Abstract
Introduction:
Symptomatic malrotation occurs in ∼1/6000 live births. 1 The narrow root of the mesentery makes the bowel prone to volvulus, which can lead to small bowel ischemia. This problem can be managed surgically through a laparoscopic Ladd procedure.
Materials and Methods:
This video shows a stepwise laparoscopic Ladd procedure done in a 13-day old female infant who presented with worsening bilious emesis and ultrasound findings suspicious of malrotation and midgut volvulus. Access to the right lower quadrant was achieved by a modified Hasson technique with a Step™ trocar (Auto-Suture) placed through a 5 mm incision in the umbilicus. Pneumoperitoneum was established using 5 L/min of carbon dioxide under 10 mm Hg of pressure. A 30° telescope camera was inserted into the peritoneal cavity for proper observation. Next, two incisions were made in the lower abdomen. A 3 mm port was placed in the lower right abdomen and a 5 mm port was placed in the lower left abdomen with Step trocars (Auto-Suture). First, important structures were identified. The duodenum and cecum were located in the right upper quadrant with Ladd bands stretching across both structures and attaching to the right lateral abdominal wall. The midgut volvulus was then identified and approximated to be around 1.5 turns. Using the bowel grasper, the volvulus was derotated in an anticlockwise direction and restored to its normal anatomical position.

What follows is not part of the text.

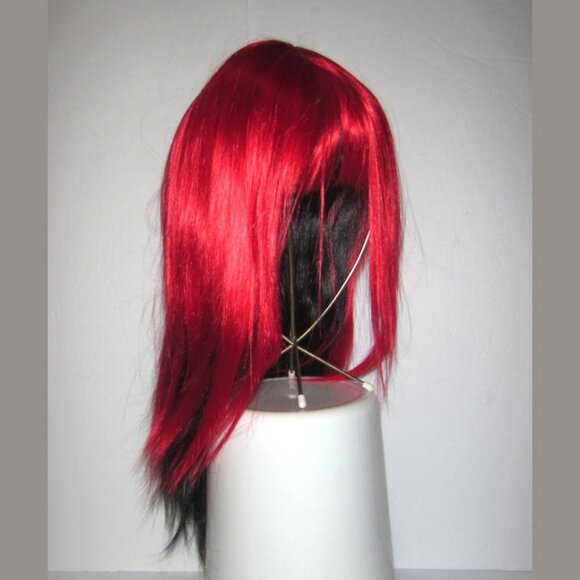 Multi Layered 2-Tone Red over Black Long Straight Hair Synthetic Wig West Bay 18 - Picture 4 of 10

All of the small bowel was examined and determined to be completely viable. Next, hook diathermy was used to release the Ladd bands, freeing the cecum and right side of the colon from the lateral abdominal wall. The root of the mesentery was then widened by dividing the Ladd bands between the cecum and duodenum. All of the small bowel was then placed on the right side of the abdomen, whereas all of the colon was placed on the left side of the abdomen. Once the peritoneal cavity had been examined, the appendix was then located and its mesentery was taken down. The appendix was ligated with two 3′0 Vicryl ties, resected, and removed through a port site. Finally, the stomach was insufflated to rule out an intrinsic duodenal obstruction. Air passed easily into the stomach and across the duodenum, confirming patency. Ports were withdrawn after desufflation of the peritoneal cavity. The umbilical fascia was closed with 2-0 Vicryl UR-6 single suture. All other incision sites were closed with Dermabond glue.
Results and Conclusions:
There were no postoperative complications. The patient began tolerating feeds on POD 5 and was discharged on POD 7. At her 4-week and 6-month follow-up visits, there was no recurrence of midgut volvulus.
No competing financial interests exist.